Visual Accessibility

It’s, fittingly, a textured story here. There’s a lot of tactile information on your board. You can tell the number and type of boats you have (because they all have different lengths) and with familiarity that will be enough to work out your haul. Your board uses physical strips to indicate forests, and doubles them up to indicate how dense the forest is.

Buildings and elders are represented by cards that have a different gloss to them so you can tell their presence even if you can’t tell their contents. They all have reasonably straight-forward effects and there won’t be so many that it’s impossible to commit them to memory or make a note in some accessible format. Only occasionally for some of the more complex building types does it matter where they are on the board. Some buildings (such as the church or the extension) award points based on their adjacency to other buildings, but there aren’t a lot of those.

Different kinds of tokens are used for fish, for wood, and for money.

Different tokens

All of that is great, and there are a number of other positive features for those with visual impairments.
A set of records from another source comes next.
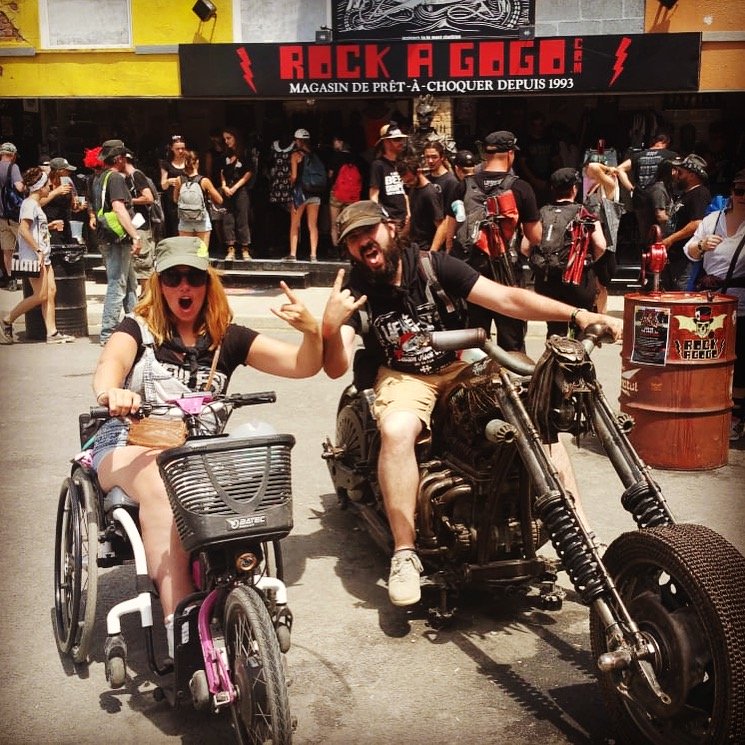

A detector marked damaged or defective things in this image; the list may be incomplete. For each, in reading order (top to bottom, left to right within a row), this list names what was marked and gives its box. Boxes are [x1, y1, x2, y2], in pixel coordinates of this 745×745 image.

rusty metal barrel [620, 292, 736, 470] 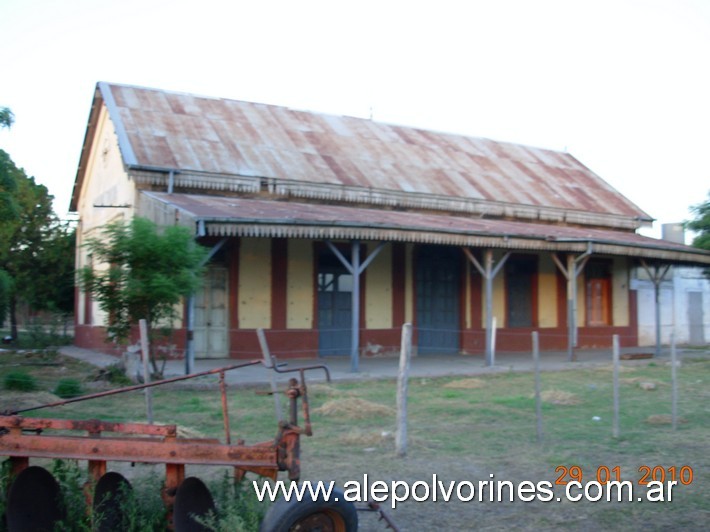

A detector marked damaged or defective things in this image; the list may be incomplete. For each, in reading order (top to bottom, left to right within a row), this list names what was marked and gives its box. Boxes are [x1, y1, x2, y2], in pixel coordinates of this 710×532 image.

rusty corrugated metal roof [82, 82, 652, 225]
rusted roof panel [97, 82, 652, 222]
rusty corrugated metal roof [139, 192, 710, 264]
rusted roof panel [142, 191, 710, 266] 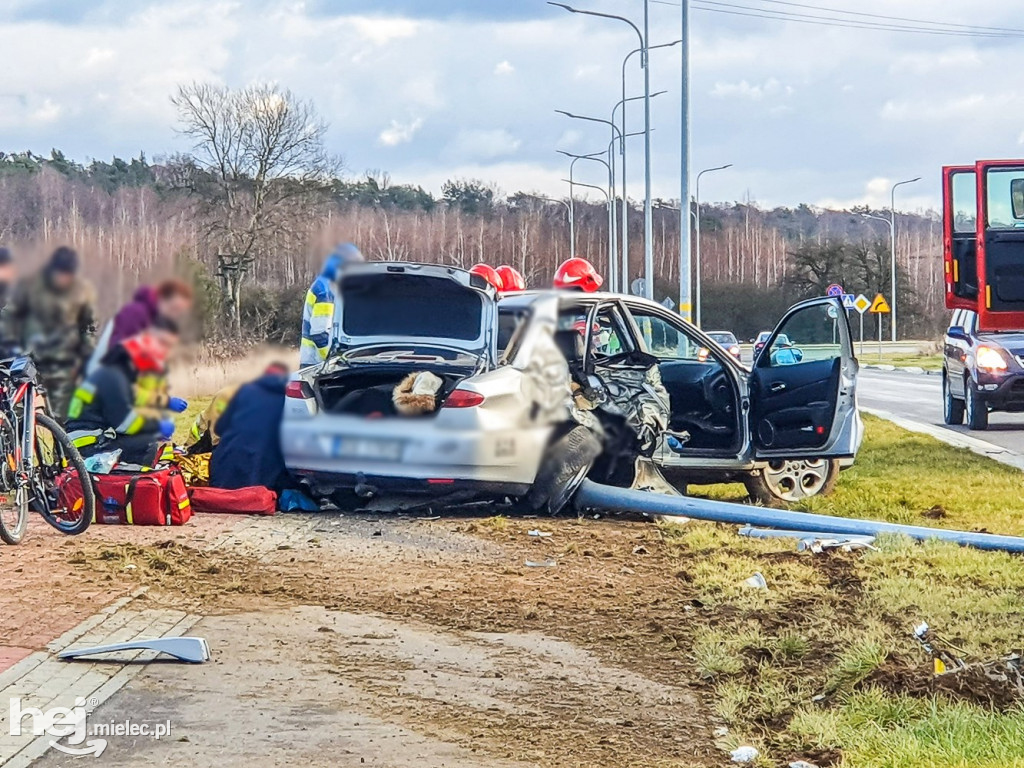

Everything from distributing fish onto physical shares to the discs that indicate actions… it’s all giving a lot of information to even players that are dealing with total blindness.

It’s also a game that doesn’t need you to obsessively worry about what others are doing – the only way you have to impact on players is through the medium of the shared action board. You may want to prioritise your actions there based on what you think other players are likely to do, but there’s rarely a significant tactical complexity that needs to be taken into account. Look after your own house and you’ll be fine. Mostly.

However, all this needs to be tempered by the fact that elders and buildings all have unique effects and there are quite a lot to choose from.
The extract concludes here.